WHAT DO YOU THINK ABOUT IT ANDY. I FORGOT TO TELL YOU IT IS A 8 SPEED DUAL RANGE.


----------



## caseman-d (Nov 29, 2003)

Chuck,
Thanks for the pictures, rear tires and fenders sure look to be in good shape. It will take a little mechanicing to get it back together. Good luck with it.
caseman-d


----------



## chuck d (Apr 18, 2004)

IT WOULD BE A NICE TRACTOR I THINK. WOULDN'T TAKE TOO MUCH MONEY TO GET IT RUNNING SINCE THE GUY ALREADY PUT ALL THOSE NEW PARTS IN THE ENGINE AND HAD THE HEADS REDONE. I IMAGINE I'LL SELL IT LIKE IT IS IF I CAN. WOULD BE A NICE LITTLE PROJECT IF I WERE RETIRED. GOT TOO MUCH TO DO WITH THE JOB AND THE KIDS. THANKS FOR THE COMMENTS.

CHUCK D


----------



## Ingersoll444 (Sep 17, 2003)

What kinda shape is the tin in?


----------



## chuck d (Apr 18, 2004)

TIN IS IN REAL GOOD SHAPE. ONE OF THE GRILL PIECES IS BENT SLIGHTLY.


----------



## luckycharms (Dec 4, 2003)

Looks like one heck of a project. I hope someone has a book to show how all of that goes back together. Wonder how you would transport something like without a trailer with a winch to pull the tractor halves around? Did you find out which parts were missing and what those parts were, Chuck? I say if Andy takes this project on, it hopefully will be well-documented, photographed and published on the forum for all to see. 

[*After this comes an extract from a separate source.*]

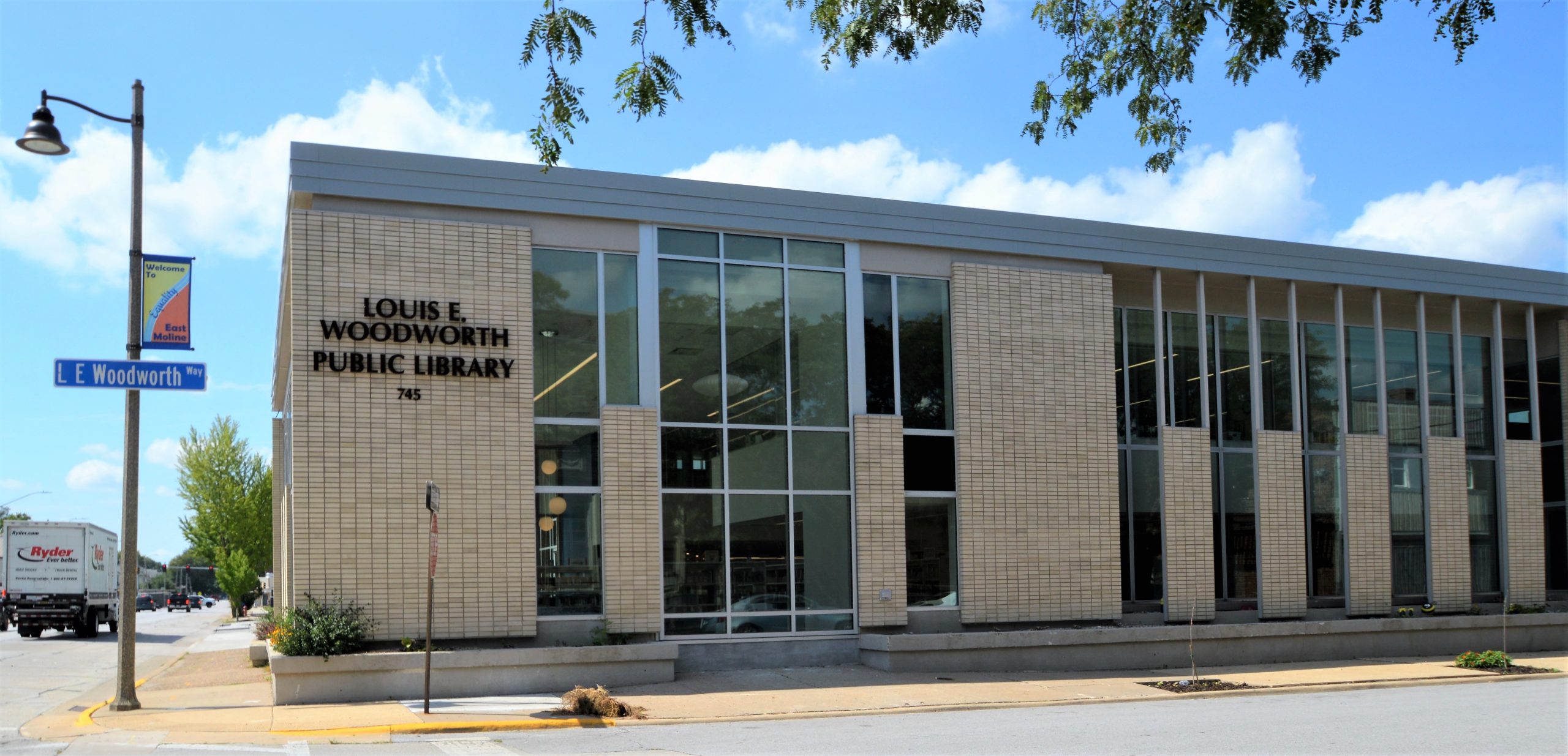 New East Moline library is city's largest public service project in 60
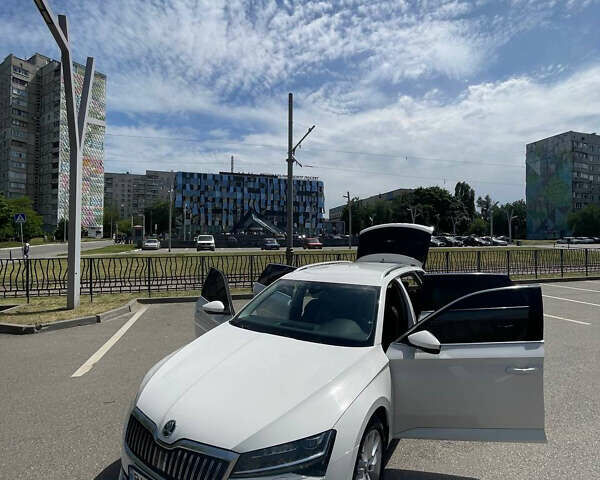 Белый Шкода Суперб, объемом двигателя 1.97 л и пробегом 288 тыс. км за 22950 $, фото 41 на Automoto.ua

This should be interesting.
-LC


----------



## balmoralboy (May 22, 2004)

*Getting it home*

Around here that kind of job gets done with a tiltdeck. Truck deck tilts so the back edge hits the ground. Driver hooks built-in winch to vehicle frame and slides it up the tilted deck. Then driver tilts the deck flat and takes off. Quick, simple, and safe!

Would work for the tractor pieces I saw.


----------



## Chris (Sep 15, 2003)

Well considering I don't have a that as an option, I am going to have to figure something else out with this one. Will think it over and see what my options are.


----------



## caseman-d (Nov 29, 2003)

> _Originally posted by admin _
> *Well considering I don't have a that as an option, I am going to have to figure something else out with this one. Will think it over and see what my options are.
> 
> *


Looks like you would have a full summer project with that one Andy. it should keep you out of trouble for awhile.      
caseman-d


----------



## chuck d (Apr 18, 2004)

AS FAR AS I CAN TELL THE CLUTCH AND PRESSURE PLATE AND THE INJECTORS ARE ALL THATS MISSING. I'LL GET BACK IN TOUCH WITH THE GUY I GOT IT FROM. HE TOLD ME IT WAS ALL THERE. I BOUGHT IT THROUGH HIS BROTHER-IN-LAW. THE TRACTOR WAS SITTING ON THE BROTHER-IN-LAWS PLACE AND HE WANTED IT OUT OF THE WAY SO I TOLD HIM I WOULD LIKE TO BUY IT AND HE CALLED HIM AND ASKED HIM IF HE WOULD SELL IT OR COME GET IT. HE DIDN'T WANT TO FOOL WITH COMING TO PICK IT UP SO HE SOLD IT TO ME. HE TOLD ME THERE WAS A NEW CLUTCH AND PRESSURE PLATE WITH IT TOO BUT IT'S NOT HERE. I'LL FIND OUT ABOUT IT AND GET BACK WITH YOU.

CHUCK D


----------



## luckycharms (Dec 4, 2003)

> _Originally posted by caseman-d _
> *Looks like you would have a full summer project with that one Andy. it should keep you out of trouble for awhile.
> caseman-d *


Looks like he might be in trouble if he shows up at the house with all of those pieces and parts. 

-LC
:lucky:


----------



## chuck d (Apr 18, 2004)

AH EVERYONE NEEDS A GOOD CHALLENGE NOW AND THEN. I WOULD HAVE TO BUY A MANUAL ON THAT MODEL TRACTOR TO GET IT BACK TOGETHER I IMAGINE.


----------



## Chris (Sep 15, 2003)

Well, you could donate it to the board and we could raffle off tickets to get it once it is done. $ could go towards a charity. 
Might be interesting. 

BTW SJ, you don't qualify as a charity.

:furious: 
Andy


----------



## caseman-d (Nov 29, 2003)

> _Originally posted by luckycharms _
> *Looks like he might be in trouble if he shows up at the house with all of those pieces and parts.
> 
> -LC
> :lucky: *


Lucky,
Just think if Andy brought in one piece at a time he would have it together before anyone realizes he had bought a tractor, Hmmmm, wonder if I could try that next time     
caseman-d


----------



## Chris (Sep 15, 2003)

Good point there, Caseman-D ------
I could just casually arrive with a little bit here and there.... and then POOF! ---- Look what I found in barn, behind all of this wood. A tractor! 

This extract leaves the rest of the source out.